That's exactly how we did it with Duke. And our transition was actually very smooth! We used to do that when we brought the rescued Pits in, and that worked well with them too. I would highly recommend that too.


----------



## Verivus (Nov 7, 2010)

BWilson said:


> And yes, taking his space and making it mine as well as eye contact asserts my "alpha" place over him. *I'm not going to try to pin down a 125 lb. dog like a real alpha dog would*. This technique worked for us 25 years ago with MWDs, why wouldn't it work now?


Sorry, but you really don't know what you're talking about and I agree with what's already been said by others. A "real alpha dog" does not pin down other dogs to assert dominance. It's an old, out-dated, already disproved idea based on observation of captive wolves. In captive wolves the submissive behavior is not initiated by the "alpha", it is initiated by the wolf that feels threatened. In other words the "alpha" does NOT pin the other wolf. Wolves in the wild have been observed to NOT display this submissive behavior.


----------



## Elaine (Sep 10, 2006)

It sounds like you rushed the intro of the dogs. Even though they got along initially, you still have to watch them like a hawk for at least several days as they get to know each other. Not too surprising that this happened as the new dog was stressed with the new place and tried to resource guard the water dish. It's a shame, but not surprising.

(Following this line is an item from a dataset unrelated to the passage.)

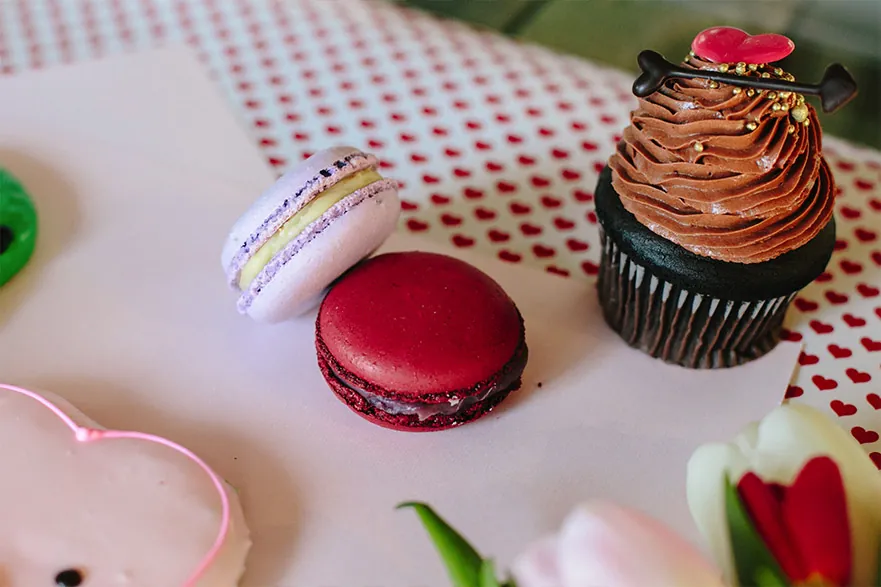 Honey lavender and brandied cherry macarons beside a chocolate cupcake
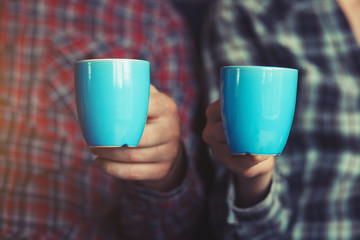 couple with two cups of morning coffee in plaid shirts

As for doing intros on your property: not that big a deal. It helps if you do it elsewhere, but it's not critical so long as you watch them closely.

As for this two week shutdown: this has to be the most absurd thing I have ever heard of and do not support in any way shape or form.

As for you standing over the new dog dominating him: not smart. You could have gotten seriously bitten. 

Also the alpha roll is something that was an extremely bad training fad a long time ago and has fortunately pretty much died.

No reason not to try another adult dog if that's what you want. Just this time remember that the dogs do not know each other and can not be trusted together for at least a couple of weeks.


----------



## codmaster (Aug 5, 2009)

BWilson said:


> 1. MY dog isn't territorial or dog aggressive. We intro'd our other male this way and it was fine, never an aggression issue, ever. My son came and took the male back to Nebraska with him last November, and last month we went out there -with our dog- and they were like two puppies glad to see each other again.
> 2. OK- they walk along together, 1 1/2 hour away from home. They seem OK, then we put them in the truck and have a dogfight in the backseat on the highway? REALLY? That's better?
> 3. "2 week shutdown?" I'm assuming you mean no contact with the new dog as far as contact with the older dog? Contact with us? Yeah- not gonna happen.
> 4. Yup! Actually about 3 hours, but he showed no signs of domination toward humans. And yes, taking his space and making it mine as well as eye contact asserts my "alpha" place over him. I'm not going to try to pin down a 125 lb. dog like a real alpha dog would. This technique worked for us 25 years ago with MWDs, why wouldn't it work now?
> ...


 
Sounds like you really knew whar you were doing! Yep sure does. Don't need to lsten to anyone who has a lot of experience in introducing strang new dogs to each other.


----------